Nowadays, some people say that when the Middle East sneezes, the rest of the world catches a cold, but right now, it feels less like a sneeze and more like a fever that’s burning through the pockets of every Filipino. 



We often think of "war" as something confined to history books or evening news clips of sandy horizons and flashing missiles. We watch it from the safety of our sofas, thinking, "Mabuti na lang, malayo tayo.”


But then you pull up to a gas station and see the numbers on the pump spinning faster than a slot machine. Suddenly, that "faraway" war isn't just a headline, it’s the reason why your grocery bag is lighter, and your commute is pricier. 

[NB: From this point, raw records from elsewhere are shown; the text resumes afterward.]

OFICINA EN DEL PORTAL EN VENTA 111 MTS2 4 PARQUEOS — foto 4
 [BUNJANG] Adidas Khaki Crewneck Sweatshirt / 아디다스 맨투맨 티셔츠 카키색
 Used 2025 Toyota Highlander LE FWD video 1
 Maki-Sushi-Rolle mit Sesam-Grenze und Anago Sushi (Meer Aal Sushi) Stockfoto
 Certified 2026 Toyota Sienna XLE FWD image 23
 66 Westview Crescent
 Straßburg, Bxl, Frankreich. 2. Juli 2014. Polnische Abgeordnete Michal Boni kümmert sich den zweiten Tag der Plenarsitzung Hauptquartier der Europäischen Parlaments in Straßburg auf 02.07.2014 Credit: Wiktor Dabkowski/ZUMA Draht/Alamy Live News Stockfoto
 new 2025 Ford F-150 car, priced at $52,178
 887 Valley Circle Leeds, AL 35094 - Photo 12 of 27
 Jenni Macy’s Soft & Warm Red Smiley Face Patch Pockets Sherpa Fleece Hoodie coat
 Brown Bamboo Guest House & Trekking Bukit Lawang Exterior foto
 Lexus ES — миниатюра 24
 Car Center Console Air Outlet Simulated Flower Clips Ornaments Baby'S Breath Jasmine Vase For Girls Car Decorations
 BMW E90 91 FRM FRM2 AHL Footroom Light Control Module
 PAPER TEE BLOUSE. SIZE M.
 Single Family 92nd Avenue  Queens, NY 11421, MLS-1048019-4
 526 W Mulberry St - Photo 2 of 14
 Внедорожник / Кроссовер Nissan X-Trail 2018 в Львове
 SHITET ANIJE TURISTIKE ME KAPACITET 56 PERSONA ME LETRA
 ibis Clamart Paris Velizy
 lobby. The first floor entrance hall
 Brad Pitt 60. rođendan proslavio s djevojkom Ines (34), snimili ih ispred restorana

The world is smaller than we thought, and right now, the fire in the Middle East is burning a hole straight through the Filipino pockets. 


The 8,000-Kilometer Domino Effect


To understand why a war 8,000 kilometers away is messing with our daily budget, we have to look at the three main players: the United States, Israel, and Iran.


This isn't just a random fight; it’s a deep-seated rivalry. According to the Council on Foreign Relations, the tension between the U.S. and Iran goes back to the 1979 Revolution. For years, they’ve fought a "shadow war," which basically means attacking each other through cyber warfare or local allies. Israel, meanwhile, has always viewed Iran’s nuclear program as a direct threat to its existence.


The heat shifted from "shadows" to "daylight" in early 2026. As reported by Reuters, a series of direct military strikes between Israel and Iran escalated into a full-scale regional conflict. The U.S. stepped in to support Israel, leading to a massive exchange of missiles that targeted not just military bases, but key industrial zones and innocent citizens. 


The biggest reason this hits us at home is geography. Iran sits right along the Strait of Hormuz. According to the U.S. Energy Information Administration (EIA), this narrow waterway is the world’s most important oil "choke point." Nearly one-fifth of the world’s oil passes through here.


When the fighting intensified in March 2026, the Strait became a "no-go" zone for many tankers, and because the Philippines imports the majority of its crude oil, any conflict in the Middle East sends an immediate shockwave to our country. As noted in a recent Philippine Department of Energy (DOE) briefing, the sudden spike in global "Brent" crude prices is the direct reason for the near-weekly price hikes we see at the pump. 


It’s a simple, painful chain reaction: a missile in the Gulf leads to a closed shipping waterway, which ends with our country's gas prices suddenly rising. 


The View from the Driver’s Seat and the Buko Cart


If war is measured abroad in missiles and strategy, it is measured locally in pesos and daily sacrifices.


For Jun, a 46-year-old taxi driver in Manila, the effects are part of his daily life.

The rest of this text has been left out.